ACTIVITY: Repeat the stretch of entries below from the line with "Casual Women Plus" through the line with "Animated illustration of". Include both ends and add nothing.

DATASET:
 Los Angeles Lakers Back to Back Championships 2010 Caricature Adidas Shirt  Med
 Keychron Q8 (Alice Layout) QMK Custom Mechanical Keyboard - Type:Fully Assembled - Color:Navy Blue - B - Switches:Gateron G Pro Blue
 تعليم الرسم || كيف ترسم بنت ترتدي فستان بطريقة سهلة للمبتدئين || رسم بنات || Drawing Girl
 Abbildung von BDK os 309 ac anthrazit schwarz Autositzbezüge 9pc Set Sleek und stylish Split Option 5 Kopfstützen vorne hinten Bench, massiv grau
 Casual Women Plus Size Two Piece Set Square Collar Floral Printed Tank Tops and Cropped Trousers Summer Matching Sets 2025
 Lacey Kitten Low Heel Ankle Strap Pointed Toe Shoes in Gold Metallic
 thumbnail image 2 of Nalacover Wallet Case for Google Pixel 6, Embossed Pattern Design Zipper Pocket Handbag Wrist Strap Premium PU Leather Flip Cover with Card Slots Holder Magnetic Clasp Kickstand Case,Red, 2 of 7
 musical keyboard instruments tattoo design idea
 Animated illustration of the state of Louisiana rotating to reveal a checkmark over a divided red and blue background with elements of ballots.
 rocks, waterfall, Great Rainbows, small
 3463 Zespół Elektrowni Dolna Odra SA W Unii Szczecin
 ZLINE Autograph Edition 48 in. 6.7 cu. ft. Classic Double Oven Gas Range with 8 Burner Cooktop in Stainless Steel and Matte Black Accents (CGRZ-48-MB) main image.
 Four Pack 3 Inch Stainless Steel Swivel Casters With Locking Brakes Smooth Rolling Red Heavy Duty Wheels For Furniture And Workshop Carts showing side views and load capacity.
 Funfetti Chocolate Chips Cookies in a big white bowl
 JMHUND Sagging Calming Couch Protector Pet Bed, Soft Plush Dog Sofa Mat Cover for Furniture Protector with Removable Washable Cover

SOLUTION BELOW:
 Casual Women Plus Size Two Piece Set Square Collar Floral Printed Tank Tops and Cropped Trousers Summer Matching Sets 2025
 Lacey Kitten Low Heel Ankle Strap Pointed Toe Shoes in Gold Metallic
 thumbnail image 2 of Nalacover Wallet Case for Google Pixel 6, Embossed Pattern Design Zipper Pocket Handbag Wrist Strap Premium PU Leather Flip Cover with Card Slots Holder Magnetic Clasp Kickstand Case,Red, 2 of 7
 musical keyboard instruments tattoo design idea
 Animated illustration of the state of Louisiana rotating to reveal a checkmark over a divided red and blue background with elements of ballots.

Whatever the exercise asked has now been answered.